3.     How do the monthly fees compare with similar nearby condo complexes and what services are included?
Before making a purchase offer, be sure to compare the current monthly condo fees and get a written list of included services. To illustrate, some condo complexes include central heat and/or air conditioning whereas others don’t because each unit has their own heat and air conditioning.

4.     Has the condo unit been professionally inspected?
Whether you are buying a new or resale condo, it pays to include a contingency clause in your purchase offer for a professional inspection. If the condo seller already had a recent professional inspection report from a reputable inspector, you might consider accepting it to save the inspection fee of about $350. If you choose to accept the previous inspection report, be sure to verify that it comes from a licensed inspector and ask to speak with them to assure the integrity of the report.

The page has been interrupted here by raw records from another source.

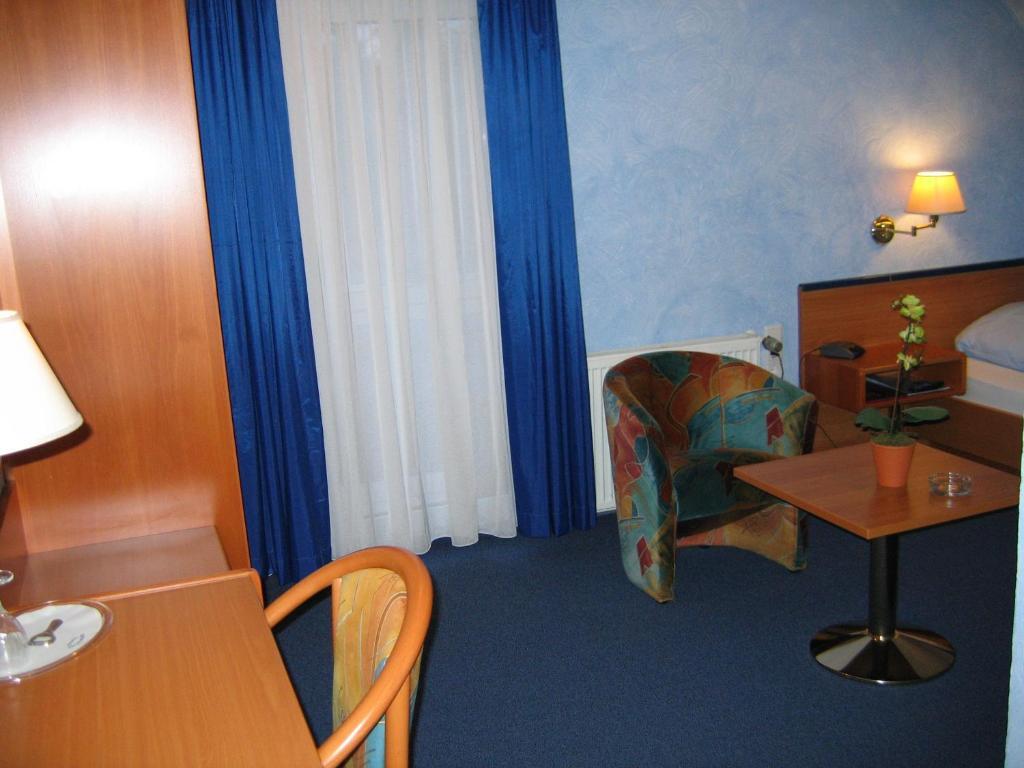 Rosenhof 2*
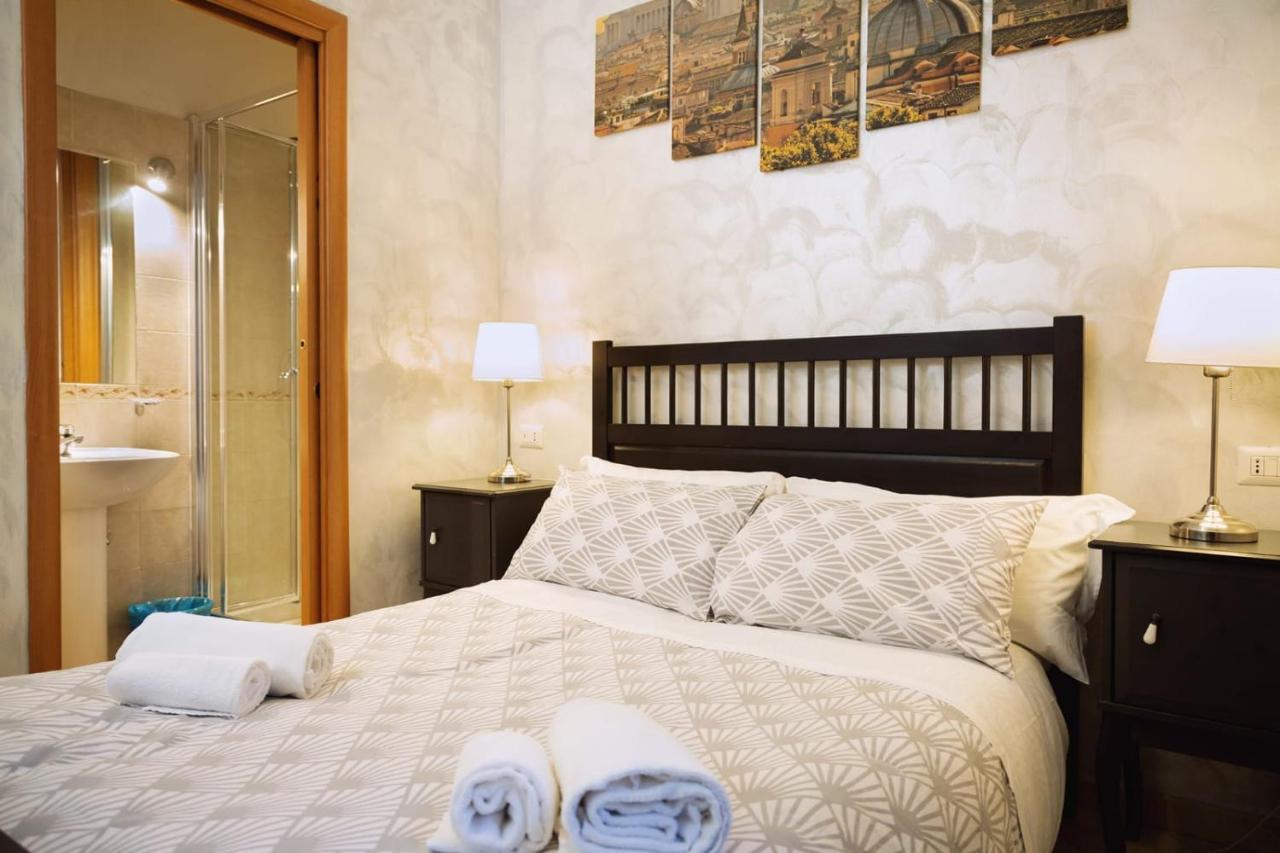 Rossana House Hotel โรม ภายนอก รูปภาพ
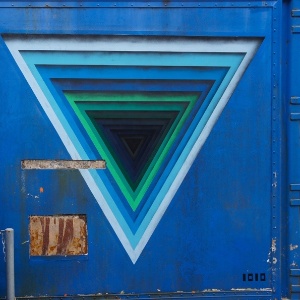 1010 é um artista alemão que mistura spray, geometria e paletas de cores vivas - Divulgação/facebook.com/1010art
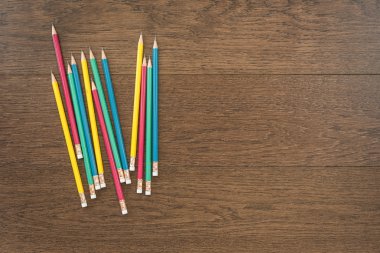 ahşap arka plan üzerinde çok renkli kalemler 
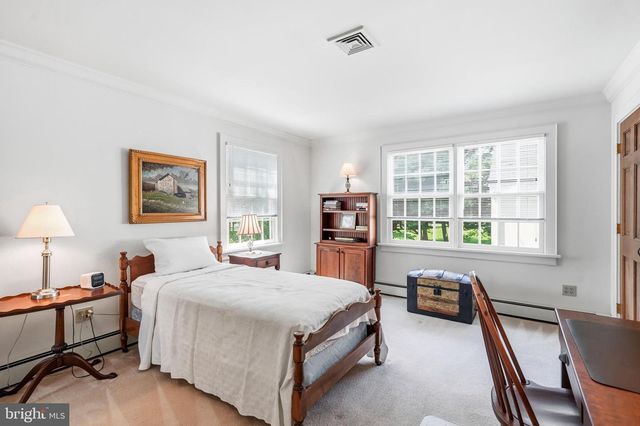 49 COVE RD, Moorestown, NJ 08057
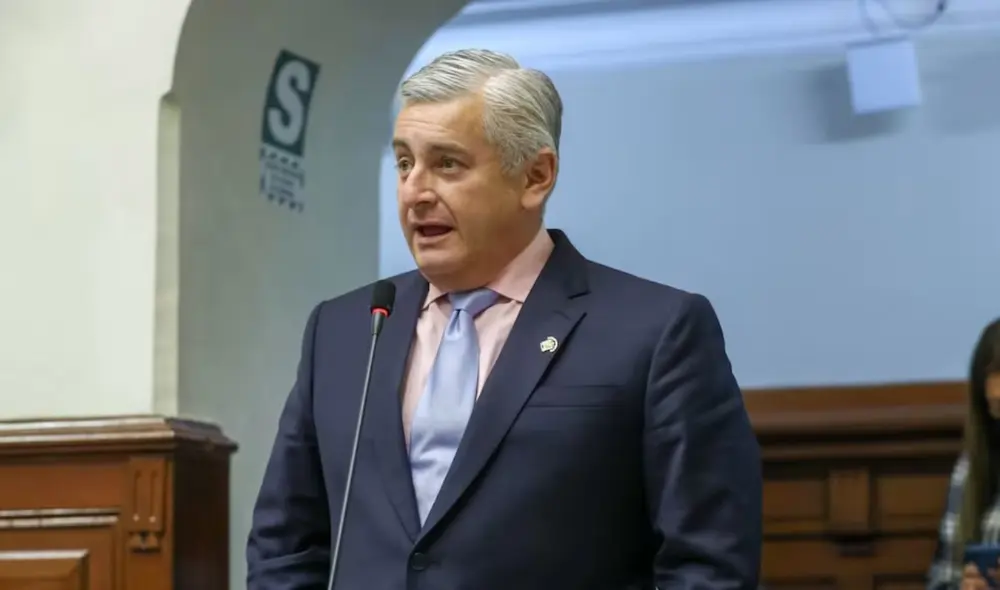 Congresista Juan Carlos Lizarzaburu se mostró indiferente a la investigación contra Boluarte. Foto: Congreso Congresista Juan Carlos Lizarzaburu se mostró indiferente a la investigación contra Boluarte. Foto: Congreso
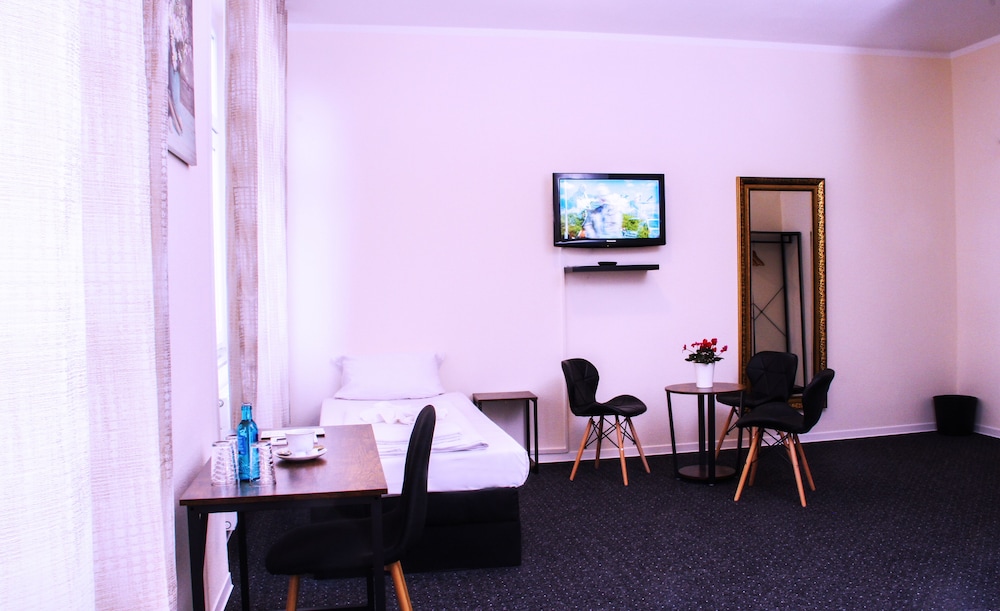 Hotel Karlshorst 54/62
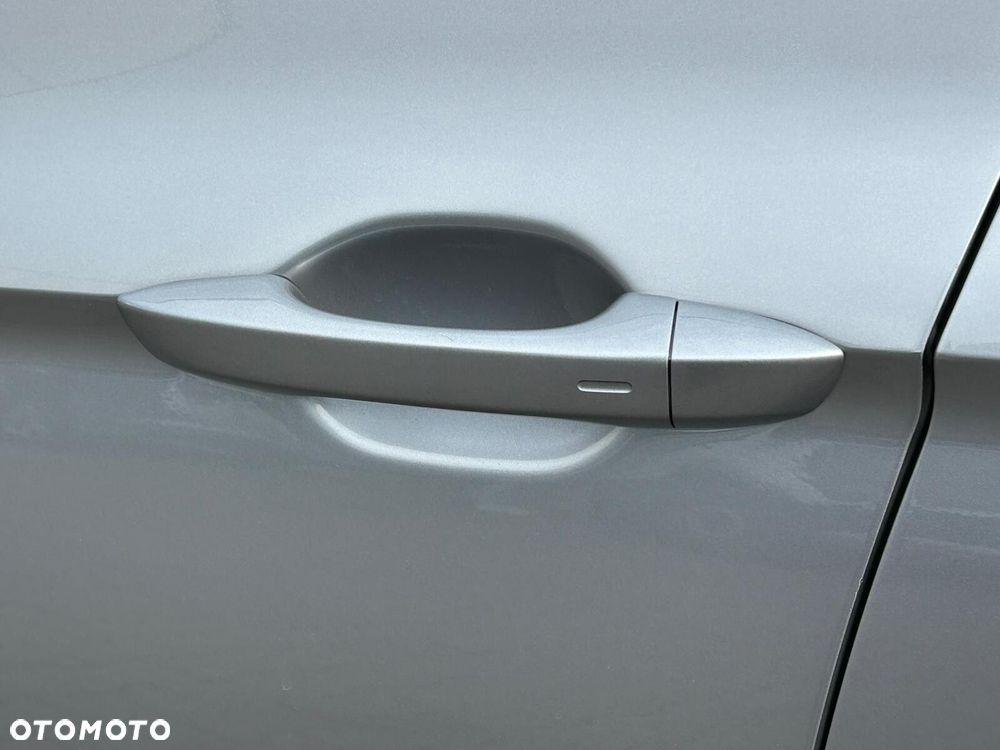 Volkswagen Passat 2.0 TSI Business DSG - 35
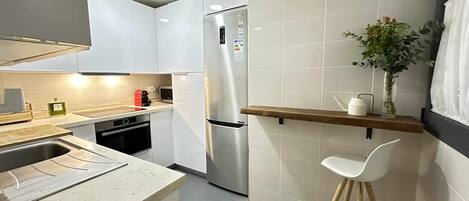 Fridge, microwave, oven, coffee/tea maker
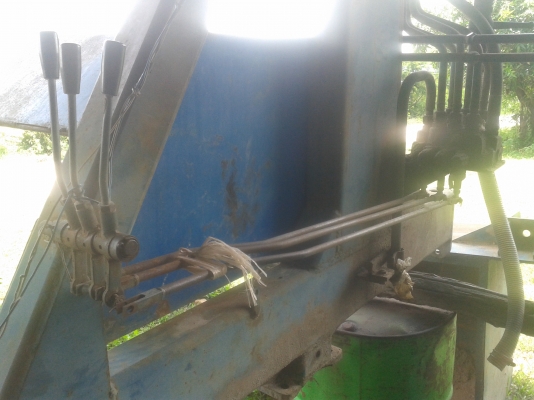 ขายคีบอ้อยกลกิจบูมเดี่ยวสภาพดีไม่มีรอยแตกรา้วปะดามปั้มดีกระบอกดีมือกำดี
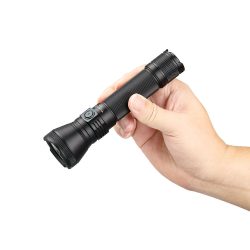 MT40 HIGH-BRIGHTNESS MAGNETIC LONG-RANGE FLASHLIGHT 2000 LUMENS 16 HOURS
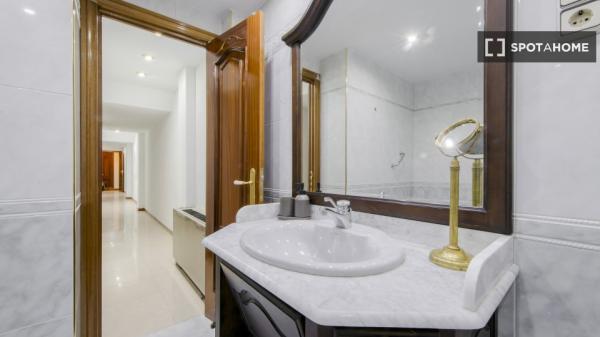 Se alquila habitación en piso compartido de 7 habitaciones en Pacífico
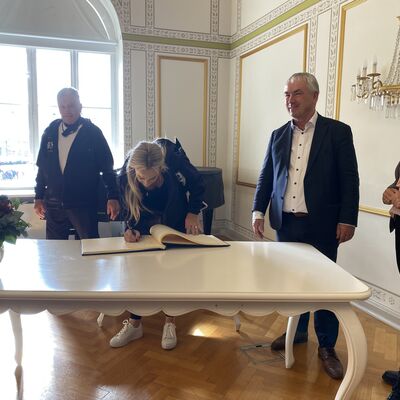 Bild vergr&ouml;&szlig;ern: Australische Boxnationalmannschaft im Rathaus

5.     What does the insurance cover?
Make sure you get a copy of the condo association’s insurance policy. Find out exactly what is covered, including the cost to bring the building up to code (if it’s an older building). Also make sure the estimates to rebuild are accurate, and not minimized or outdated.


6.     What are the rules?
Does this community allow pets? Can you rent out your unit if you need to? Will you have a chance to plant a bed of flowers? Go over the community rules line by line. Make sure the condo doesn’t have rules that you simply can’t live with.

7.     Make sure to get all seller promises and representations in writing.
As with any real estate transaction, get all seller or sales agent promises and representations in writing. To illustrate, if the developer’s sales agent promises the adjoining open space will remain that way, or it will be professionally landscaped, get that representation in writing as part of the sales contract, signed by the developer. Or, if the seller promises a decorating or upgrade credit, get that in writing too.

Final Word
Buying a condo is no small affair. There are many important aspects to consider that you don’t have to worry about with single family homes. This is why it’s important to go into the process knowing what to look for, and what to ask.
Have any of you ever thought about buying a condo? Or, do you already own one? Which questions do you wish you had asked before you bought?